Rafał Radziszewski: Myślę, że to dobre rozwiązanie

- Bramkarz to bardzo specyficzna pozycja. W jednym meczu może zagrać super, w drugim już nie do końca. Dobrze, że wyszło mi to wczorajsze spotkanie - przyznaje Rafał Radziszewski. We wtorkowy wieczór Comarch Cracovia, przy sprym udziale „Radzika, ”wygrała z Pol-Aqua Zagłębiem Sosnowiec 4:1.
- Zostałeś wybrany najlepszym zawodnikiem wczorajszego meczu. To chyba miłe uczucie…
- (śmiech) Miłe. Z reguły w Sosnowcu grało mi się dobrze. Najważniejsze, że wygraliśmy, bo koniecznie chcieliśmy zainkasować trzy punkty. Dotychczas w bezpośrednich meczach było 3-2 dla nas, teraz zrobiło się 4-2. Brakuje nam tylko jednego zwycięstwa, by mieć bonus w play-offach.
- Gospodarze nie zawiesili wam wysoko poprzeczki…
- Losy spotkania kontrolowaliśmy niemal przez cały czas. Zagraliśmy dobry mecz, tylko się cieszyć z tego.
- Do pełni szczęścia, przynajmniej twojego, zabrakło nieco ponad trzech minut. Gdyby nie ten gol (strzelcem Teddy Da Costa – przyp.), zachowałbyś czyste konto…
- Dokładnie. Krążek odbił się od jednego z naszych obrońców, Da Costa przejął go i strzelił po lodzie z kilku metrów. Nie udało się zagrać z tyłu „na zero”, może w następnych meczach będzie lepiej.
- Twoje dwa ostatnie występy w bramce Comarch Cracovii nie były najlepsze.

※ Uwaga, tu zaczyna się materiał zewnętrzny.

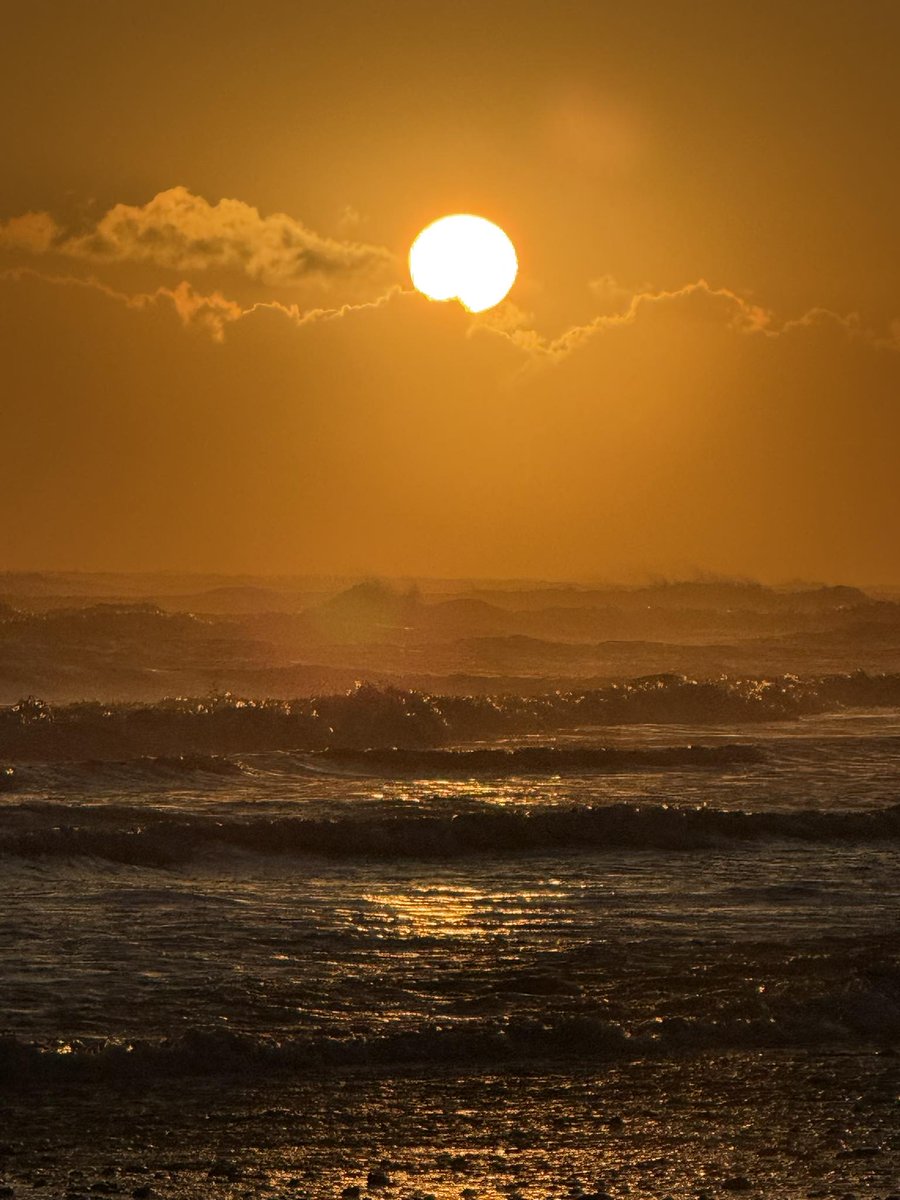 atreya2112's tweet photo. #FoxProse #Vss365

Give me a minute of time,
A windchime in a hurricane,
An assure, outside griefs redesign~
A beautiful walk
By the seas gentle rhyme,
Dawn lit, and serene, 
With dreams..intertwined

#PoetryCommunity

Pic is my own https://t.co/gNFLXxDvHz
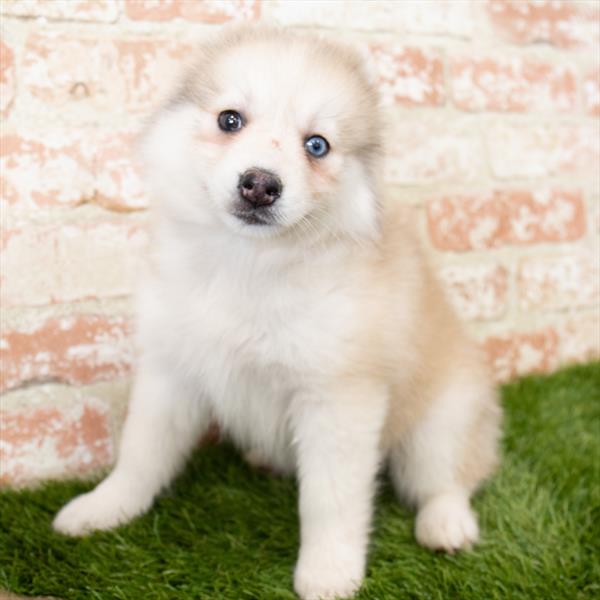 Pomsky-DOG-Female-Sable-6952-Petland Monroeville, PA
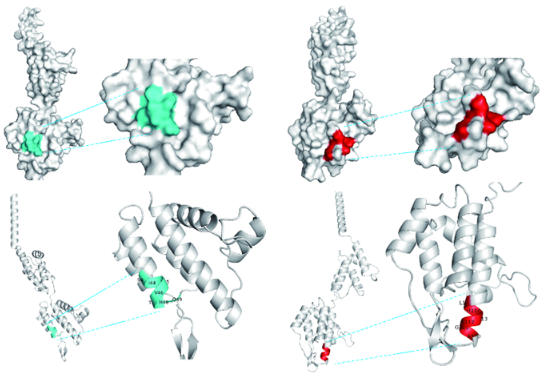 新靶点助力猫白血病病毒精准检测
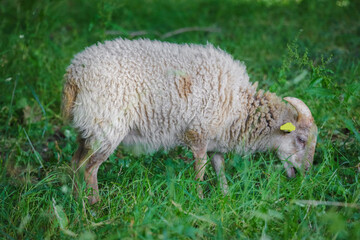 Jeune mouton avec sa laine colorée se nourrit avec de l'herbe en Eco pâturage 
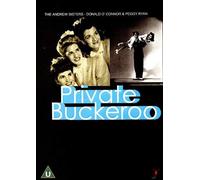 Private Buckaroo [DVD] [Region 1] [NTSC]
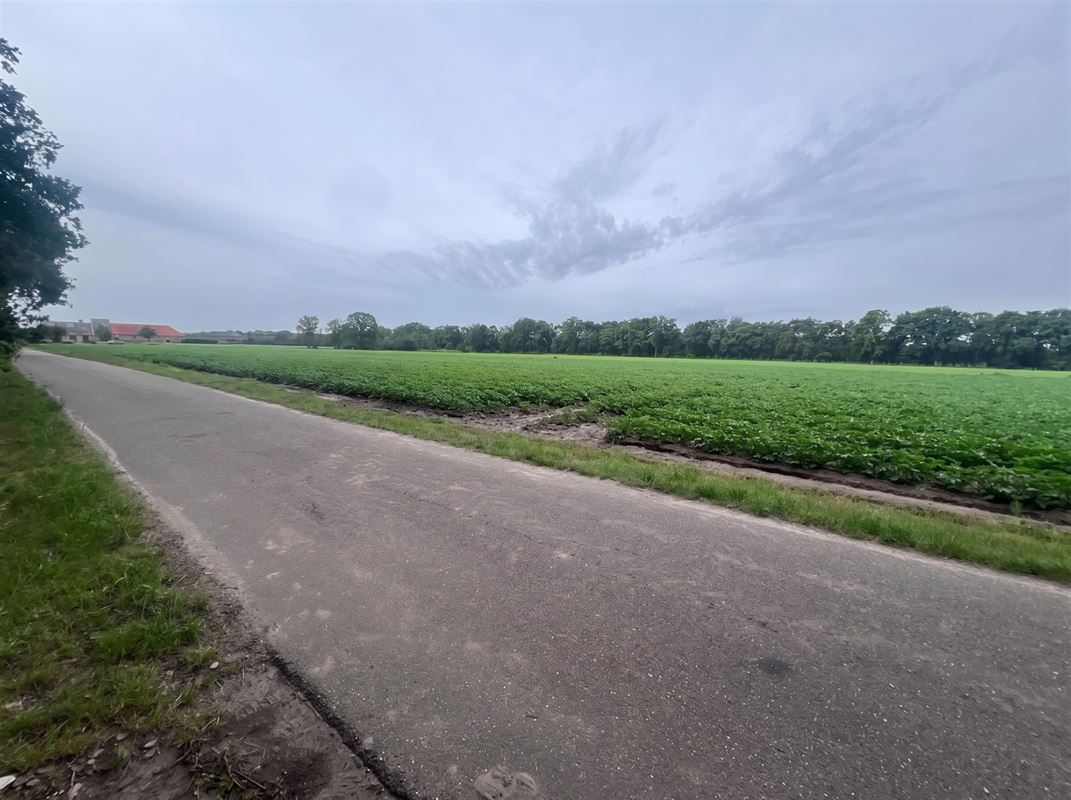 Bosperceel van 6.340 m² op rustige ligging te Oud-Turnhout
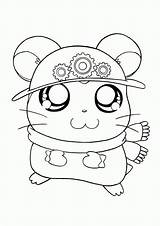BAUZINHO DA WEB  BAÚ Hamtaro Desenhos E Riscos Para Colorir sketch template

Potrzebowałeś takiego spotkania, jak to w Sosnowcu?
- Takie mecze, jakie miałem z Podhalem i GKS-em po prostu się zdarzają. Bramkarz to bardzo specyficzna pozycja. W jednym meczu może zagrać super, w drugim już nie do końca. Dobrze, że wyszło mi to wczorajsze spotkanie. Oby tak dalej.

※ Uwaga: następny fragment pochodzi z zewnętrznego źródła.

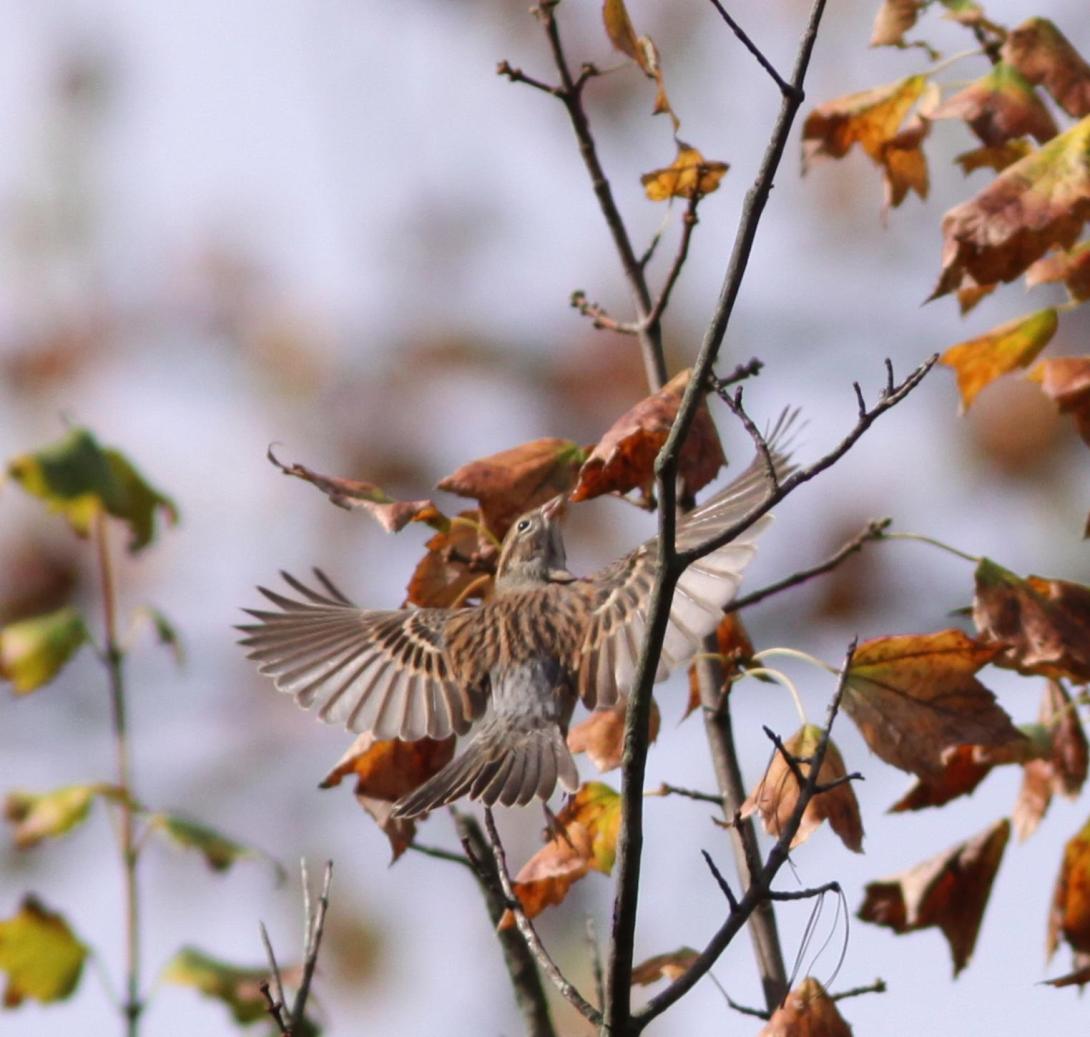 Chipping Sparrow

- Jak na razie ciężko wywnioskować, kto jest pierwszym bramkarzem „Pasów”. Z Markiem Rączką bronicie na zmianę…
- Zgadza się. O tym, kto zagra w danym meczu dowiadujemy się jednak odpowiednio wcześnie i to nam pomaga. Myślę, że to dobre rozwiązanie, co też widać po zajmowanej przez nas pozycji w tabeli. Jeden bramkarz nie byłby w stanie wystąpić we wszystkich meczach sezonu, w końcu przyszłoby zmęczenie. My tymczasem nie jesteśmy jeszcze„zajechani”.
- Kiedyś jednak trener Rohaček postawi pewnie na jednego z was…

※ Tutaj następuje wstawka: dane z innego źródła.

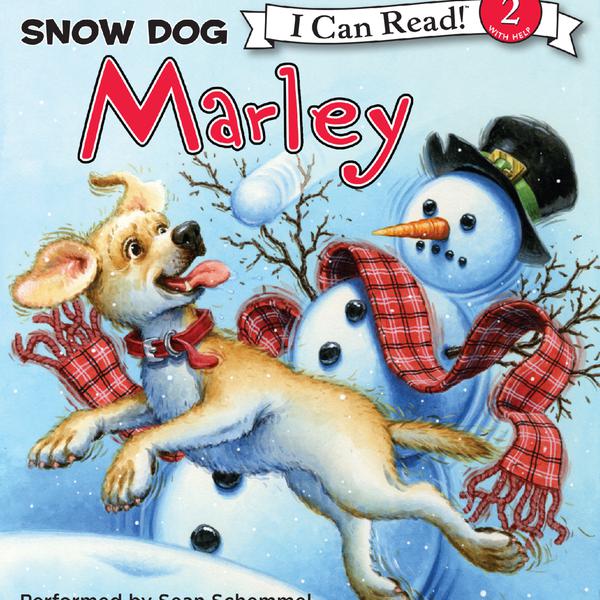 Marley: Snow Dog Marley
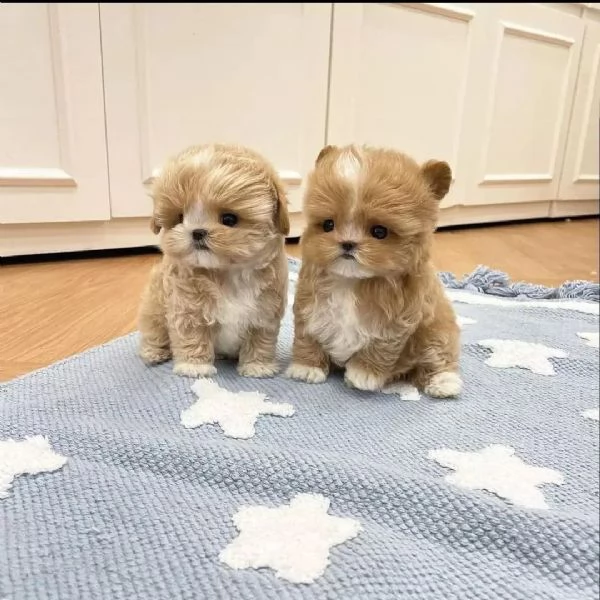  bellissimi cuccioli di maltipoo 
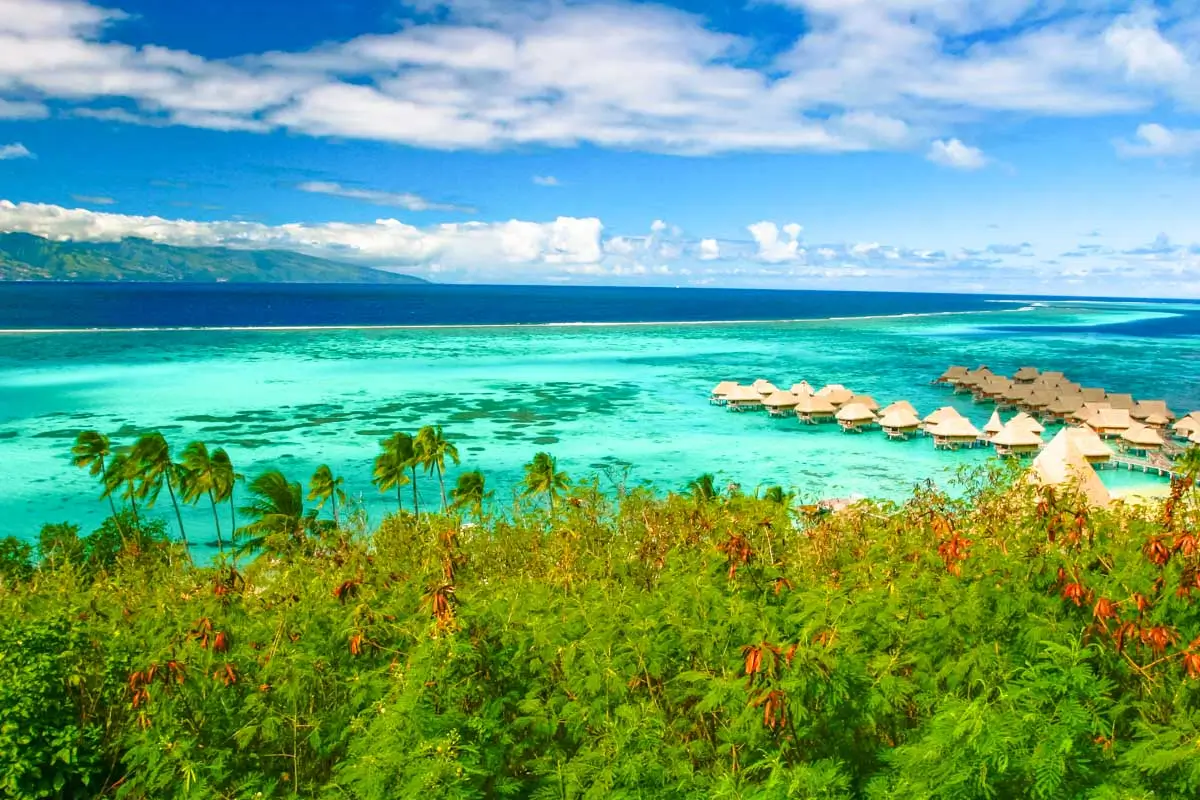 Landscape and water of Moorea, French Polynesia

- I myślę, że taki czas nastąpi w play-offach, gdzie zagramy decydujące o końcowych wynikach spotkania.
- Kto w takim razie będzie pierwszym bramkarzem Comarch Cracovii?
- (śmiech) Wydaje mi się, że na tę chwilę obaj mamy takie same szanse. Wcale nie jest powiedziane, że to ja będę bronił. Decyzja należała będzie do trenera.